Leaving out the pictures, output each record exactly as it stands.

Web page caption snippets
_____

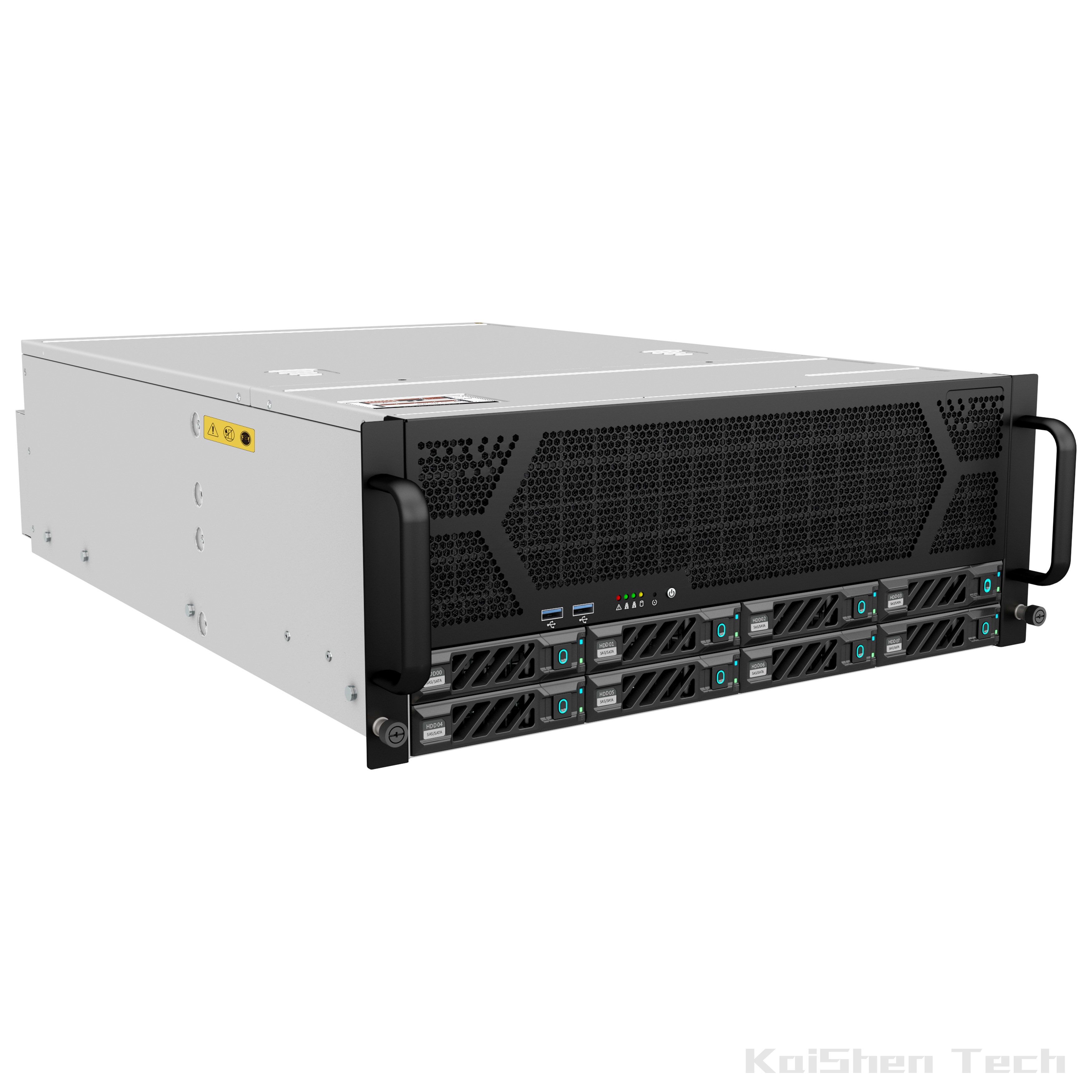 4U 8 Bays Server Chassis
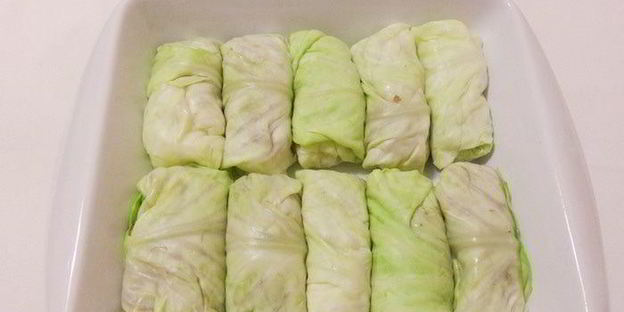 голубцы с консервированной фасолью и грибами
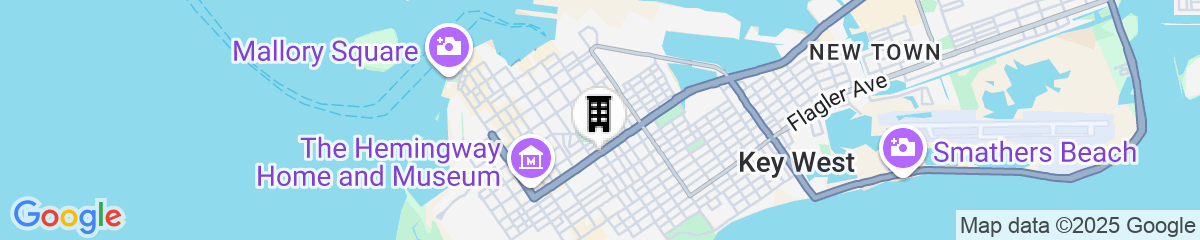 Map for Silver Palms Inn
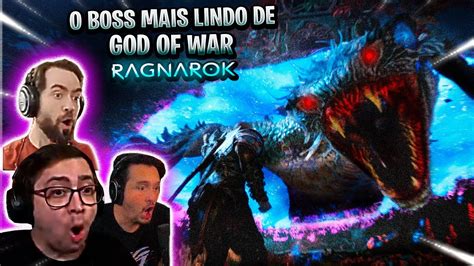 Streamers Impressionados O Boss Mais Lindo De God Of War Ragnarok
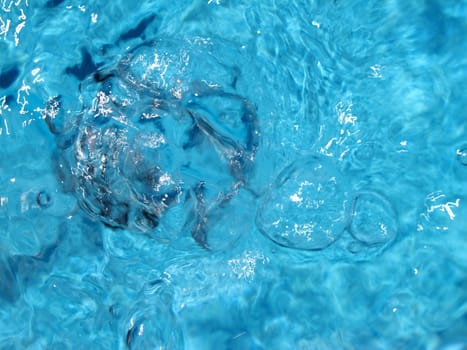 Water rippling in a pool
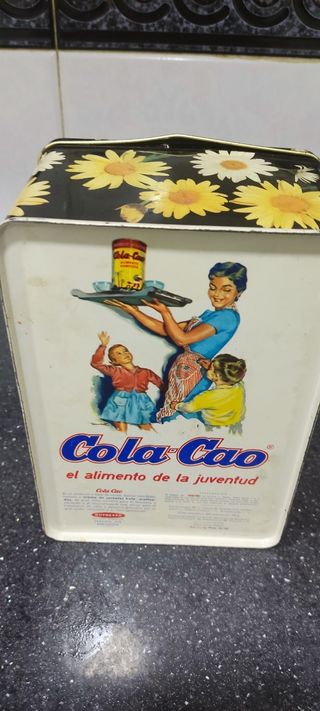 Lata cola cao años 70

_____

- Reply to the task:
 4U 8 Bays Server Chassis
 голубцы с консервированной фасолью и грибами
 Map for Silver Palms Inn
 Streamers Impressionados O Boss Mais Lindo De God Of War Ragnarok
 Water rippling in a pool
 Lata cola cao años 70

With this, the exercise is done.